Supernova 2012ap was seen from Earth in 2012 as it exploded during the course of its death. Astronomers studying the remnants using the Very Large Array (VLA) of radio telescopes found that, although this event exhibited many of the characteristics of a supernova that would have produced a gamma-ray burst, no such release was detected. This marks the first time that such an event has been detected in the "middle ground" between GRB-producing occurrences and regular supernova.

These strange supernova release vast amounts of energy, but they are still not powerful enough to result in the production of gamma rays, the most energetic of all forms of electromagnetic radiation.
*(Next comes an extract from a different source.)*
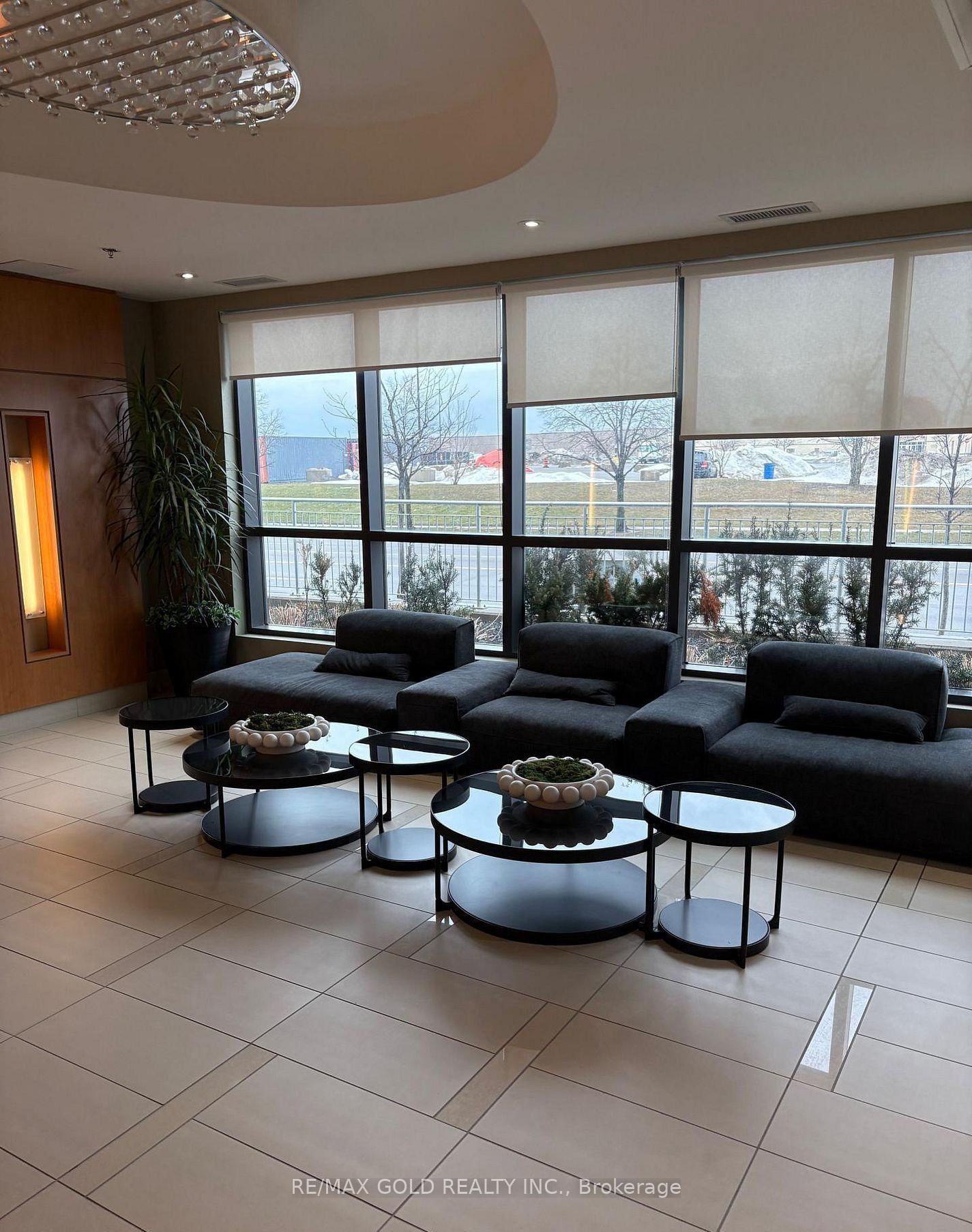 840 Queens Plate Drive, Unit 501 - Photo 24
"This is a striking result that provides a key insight about the mechanism underlying these explosions. This object fills in a gap between GRBs and other supernovae of this type, showing us that a wide range of activity is possible in such blasts," said Sayan Chakraborti from the Harvard-Smithsonian Center for Astrophysics (CfA).

Supernova 2012ap is known as a "core collapse" supernova, which is the fate of all stars much more massive than our own sun. During these events, the star runs out of its final reserves of fuel, resulting in the collapse of the core into a neutron star or black hole. The middle and outer layers of the dying star then explode with tremendous force, spreading heavy elements to space.

During most supernovas of this type, the gas left over from the star expands outward in a nearly-spherical bubble at just a small percentage of the speed of light. These events do not possess the energy levels needed to produce gamma rays.

However, in a small percentage of cases, matter from the stellar body forms an accretion disk around the newly-formed black hole or neutron star, like water falling into a whirlpool. Charged particles can be driven by the magnetic field of the body, propelled away from the object at nearly the speed of light. This process, known as an engine, can result in gamma ray bursts.

Recent research suggests, however, that not all engine-driven supernovas result in the release of this powerful radiation, mostly composed of subatomic particles.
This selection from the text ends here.